Ventilation: The central courtyard in the building facilitates natural ventilation through the stack effect, enhancing air movement. Windows and jaalis contribute to cross ventilation. All circulation spaces and passages are naturally ventilated, shaded, and not air-conditioned, supporting overall airflow and cooling.
Day lighting: The central courtyard, equipped with a skylight, provides natural sunlight to 75% of the building’s floor space, significantly reducing the need for artificial lighting. This daylight penetration minimizes reliance on artificial sources. To enhance visual comfort, over 90% of occupied spaces have direct views of the outdoors. The design avoids deep floor plates to maximize daylight exposure and incorporates native landscaping and water features throughout the central court and surrounding areas.
Building Envelope and Construction Materials
- Construction Technology: The building uses a reinforced concrete (RCC) framed system with two-way slab reinforcement for the roof beams and slabs. Each column is supported by isolated RCC footings, which are connected by a plinth beam to provide extra support for the walls.
- Materials: The building uses low embodied energy materials, including AAC blocks with fly ash and fly ash-based plaster and mortar, all of which are recycled content products with minimal environmental impact.
- Walling: The building's walling uses environmentally friendly materials, including fly ash bricks, regional materials, and high-recycled-content materials. It features high reflectance terrace tiles and rock wool insulation for outer walls, with AAC blocks and fly ash-based plaster and mortar enhancing recycling and insulation.
- Flooring: Tile terrazzo flooring combined with local stones.
- Jaalis: Stone and Ferro cement jaalis used.
- Celling: Calcium Silicate ceiling tiles having high recycled content and grass paver blocks in pavements and roads.

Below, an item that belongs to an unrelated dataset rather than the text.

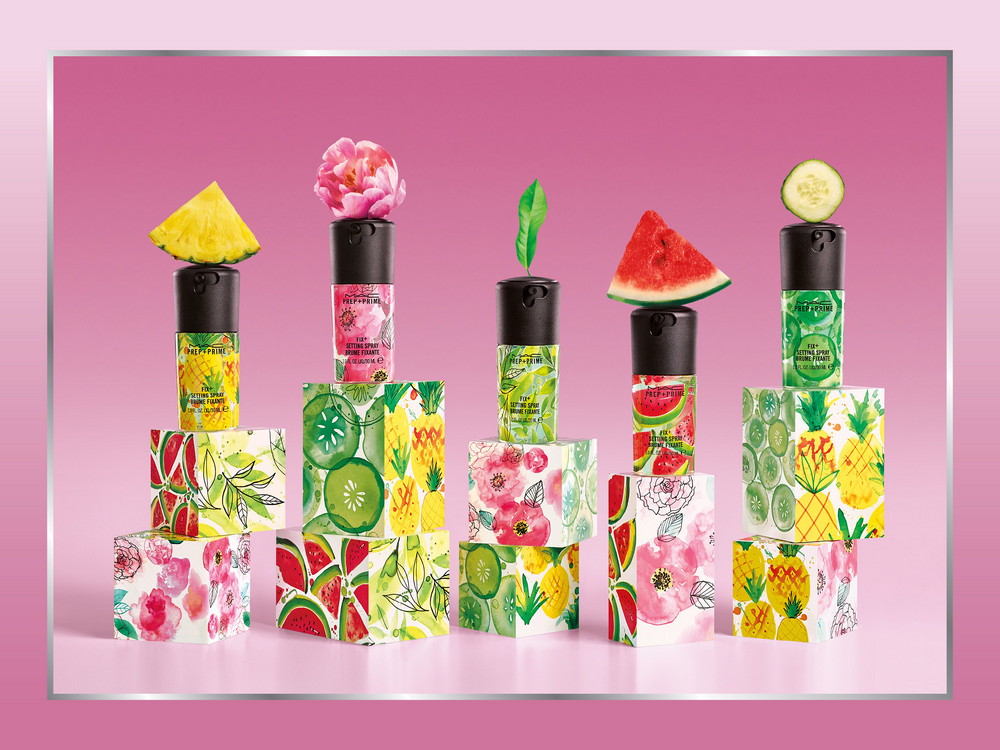 FixplusScents FB 1200X900 no logo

- Fenestration: The building features high-performance windows with a U-value of 0.049 W/m²K, VLT of 0.59, and a solar heat gain coefficient of 0.32, enhancing the building envelope's efficiency. The uPVC-framed windows are double-glazed with low heat transmittance glass. Rock wool insulation is used in wall assemblies, and the roof is treated with high-reflectance tiles to minimize heat ingress. High-efficiency glass, appropriate shading, and light shelves for diffused sunlight further contribute to energy efficiency.
HVAC Air Conditioning
The building utilizes a chilled beam system for its 160 TR air conditioning load, covering the second to sixth floors, reducing energy use by 50% compared to conventional systems. The system features chilled water supplied at 16°C, with a return temperature of 20°C, and is complemented by water-cooled chillers and double-skin air handling units with variable frequency drives (VFDs). These VFDs are used in the chilled water pumping system, cooling tower fans, and AHUs to further cut energy consumption. An integrated building management system controls and monitors all HVAC equipment, while a sensible and latent heat energy recovery wheel pre-cools fresh air from toilet exhausts. The system maintains room temperatures at 26 ±1°C, optimizing energy efficiency, and includes drain pans for condensed water. The overall HVAC load is 40 m²/TR, demonstrating significant efficiency improvements over ECBC requirements.
Artificial Lighting & Control
The lighting design integrates energy-efficient systems for both interior and exterior lighting. The use of energy-efficient fixtures, including T5 lamps, and a lighting power density of 5 W/m², which is 50% more efficient than Energy Conservation Building Code provisions (11 W/m²), significantly reduces energy demand. Lux level sensors optimize artificial lighting, and any remaining load is supplied by building-integrated photovoltaics (BIPV).
| Annual Consumption | Conventional Design | Indira Paryavaran Bhawan | Savings |
|---|---|---|---|
| Electricity | 22,00,000 kWh | 14,00,000 kWh | 40% |
| Water | 20,000 kL | 9,000 kL | 55% |
Indira Paryavaran Bhawan uses 70% less energy compared a conventional building. The project adopted green building concepts including conservation and optimization of water by recycling waste water from the site.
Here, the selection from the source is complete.